Kent’s the kind of guy who would weigh benefits versus risk, then try to take himself out of the equation so that he would be thinking, ‘What do I bring to the table? Is the risk [I face] worth taking because I can benefit so many people?’ That’s just the way he is and the kind of person he is in his heart.
It’s never an easy decision to go somewhere like Liberia to work, and we always encourage our students to think about three things. We encourage them to spend a lot of time in introspection. Who am I? How am I wired? What can I handle? What call has God placed in me? We ask them to do a lot research. God gave us a brain and he expects us to use it. Then we ask them to take [their plans] to a community that understands them and understands the environment.”
Dr. Chris Flanders:
“We train students to open [themselves] up to new situations, learn the culture [where they’re going], and then try to place [oneself] in a position of vulnerability. That opens up opportunities to connect and serve. Sometimes when you do that, you run into situations of severe crisis, but [it’s] a natural extension of putting yourself out there in a world that sometimes is dangerous.
We never seek to put people in situations of danger, but sometimes the commitments people have lead them inevitably to a place that is potentially dangerous. We think that’s what is going on here.
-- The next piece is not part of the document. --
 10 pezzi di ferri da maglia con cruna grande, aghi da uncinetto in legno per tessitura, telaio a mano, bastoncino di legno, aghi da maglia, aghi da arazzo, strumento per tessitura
We could point to multiple examples all over the globe of people doing similar kinds of work – people who are [working to fight the] trafficking in women and children, then suddenly they find themselves a target because the people who are benefiting from that sex trade now realize there is a threat. This is just an extension of being moved by the love of Christ.
Kent’s work is really an extension of this notion [we see in] 2 Corinthians 5:14, that says the love of Christ controls us and compels us. Sometimes when you follow God’s lead you find yourself going into places that are not safe.
If you look through Christian history, you see that many times it was the compassion of believing Christians who were caring for the sick that led the world to stand and take notice. It’s just a natural extension of what we see in the life of Jesus, that He was willing to follow God’s leading even to the very end, even to the ultimate sacrifice – the giving of His life. So those of us who follow Jesus want to stand in line with that ethic and say, “No matter how risky it is, if we feel that this is where God is going to use us, we want to have the courage to be able to step into that situation regardless of how dangerous it might be.
This is a dangerous world and sometimes God puts us in situations that are dangerous, and as much as we would like it to be otherwise, God doesn’t always exempt us from danger and death. That Kent put himself in that position is sad and unfortunate, but I don’t know if given the opportunity to do things differently, knowing the kind of person he is, that that would have changed things. This was the path that love compelled him to take.
Pray. Pray for Kent’s well being, pray for his family’s well being – for those who can’t be with him right now, but also pray that this opportunity will result in people being alerted to the fact that there are those who put their lives on the line to help others. That’s a noble calling and we need more people like that. Maybe his situation can serve to illuminate opportunities that exist all around us – to step out of our comfort zones and into situations of great danger in order to bless others. That’s what Kent’s example seems to me to be teaching all of us.”